And all this failure after being so proud of myself for nailing RICO (13D: "Copacabana" antagonist) and ZASU (19A: Early film actress Pitts). Less proud for nailing Van DAMME (37A: Van _____ of "Double Team" and "Double Impact"), though no less happy for the entertainment. It was finally getting TEARIEST (10D: Most affected by pathos) that allowed me to hack my way into the top and eventually work it all out. STEP TO THE REAR (12A: Bus line?) is fantastic and nicely colloquial, though it sort of brings to mind Rosa Parks and the Montgomery Bus Boycott... maybe that's just 'cause I watched a PBS special on the 60's last night.
Lived in California much of my life, never knew there was an EEL river in it (15D: Third-longest river of California). Only just recently commiserated with my wife about the nutso spelling of the UINTA Mountains (26A: Utah's _____ Mountains), and still, today, couldn't retrieve it. Knew it started U, some other vowel - but that's it. Had MAD AS for AS MAD (28A: Comparable to a wet hen). Thank god for MIX TAPE (43A: This-and-that recording for a friend or a party), which is the first answer I really could build something substantial off of.
Guessed HINDUS (16A: Diwali revelers) correctly, but had No Clue about MALAYALAM (29D: Language of India with a palindromic name); got the first three letters and was happy to be able to fill in the last three letters as a result. APPLETON (30D: Home of Lawrence University)? Whatever. Had DESK KIT for DESK SET (31D: Accessories for a secretary), then wondered how in the world a hula hoop could be a GYRATI - 52A: Hula-hoop, say (gyrate). Is HAYES Rutherford B. HAYES (49A: Profile on a 19¢ stamp)? ANDES seems to vague an answer to 18A: Home of the Cotopaxi volcano - it's a big mountain range! As someone who has written Many a Footnote in his day, it took me a surprisingly long time to get 21A: Abbr. after an author's name, maybe (ibid.).

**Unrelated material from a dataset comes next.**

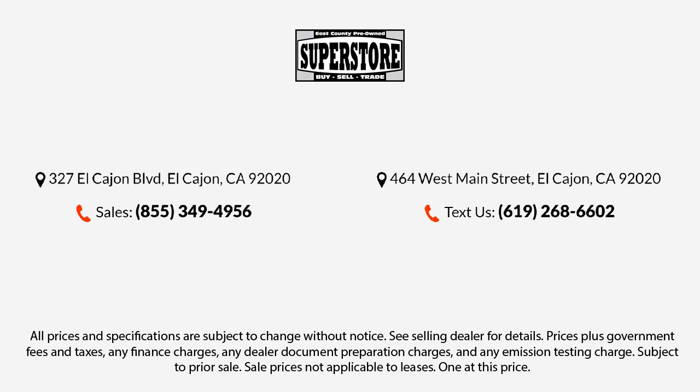Our knowledgeable, no-pressure staff will help you drive away in a vehicle that is just right for you. So come visit us here at East County Pre-Owned Superstore. You'll be glad you did.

Bottom half of the puzzle was far more tractable, though I had ANTEDATE for ANTECEDE (33D: Go ahead of), PLUSH for PILED (46D: Like 1-Across), CAGIER for WARIER (43D: Like someone who's been fooled before) - which caused me to entertain CALK ("shouldn't there be a 'U' in that?") for WALK (43A: Cement layer's work) - and my favorite mistake, RENO for OREM (45D: Self-styled "Family City U.S.A."). The gimme-ness of 55A: _____ diet, food plan emphasizing olive oil, fish, fruit, vegetables and red wine (Mediterranean) almost made up for the CHARLOTTE AMALIE fiasco up top. DESERT STORM (56A: Gulf war offensive) was a cake walk too. URIC ACID (50A: Major component of kidney stones) does not pass the breakfast table test for me, though neither does "Wickiup" - which wins the award for most made-up-sounding word in a clue this year: 44D: Wickiup, for one (hut). Thought it might have something to do with Wikipedia. No. All in all, it feels a little bit like I ATE DIRT (38D: Accepted bad treatment), but I have no business complaining too much about a wicked Friday when I whined so much about easy puzzles all week long. Touché, puzzle. You win this round. See you tomorrow.